I just remember hearing the food network folk tell me: regular for cooking, extra-virgin for dressings, etc.

wadesgirl
10-29-2009, 08:33 PM
Extra-Virgin is the more expensive and supposed to have a better taste for eating straight up like for dippings, etc. If it tasted bitter you could try an extra-light EVOO. I don't really notice a difference, but I haven't paid much attention to it either. I just tend to use whatever I have.

I just remember hearing the food network folk tell me: regular for cooking, extra-virgin for dressings, etc.
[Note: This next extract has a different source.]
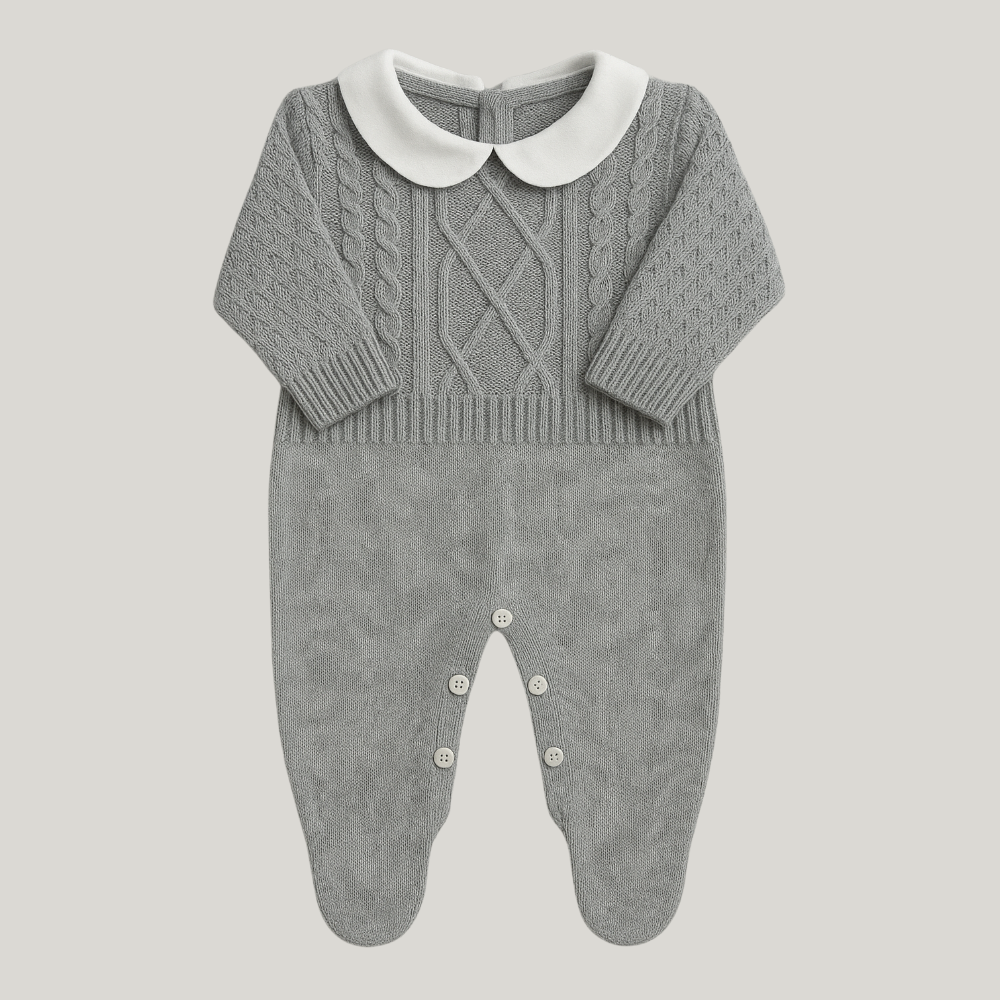 Kit Saída Maternidade Menino Tricot 2 Peças Vintage Bloom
Hey stranger! Thanks! When I went to the store they actually had a brand that was labeled what it was used for. I grabbed a different kind of EVOO we'll see how it tastes.

raebates
10-29-2009, 09:12 PM
Keith's right about what the experts say. Extra virgin olive oil has a very distinctive taste, which varies depending on the olives and processes used. Some people (like me) love it. Others don't care for it at all.

babywings76
10-29-2009, 09:36 PM
I like to use a light olive oil. I love EVOO for everything, but not for these bread dippings. Maybe it's just the brands we've tried, but at my mom's house and mine when it was used w/ EVOO, it was really bitter and yucky. You couldn't enjoy the seasoning flavors because the oil's flavor was too strong and dominant.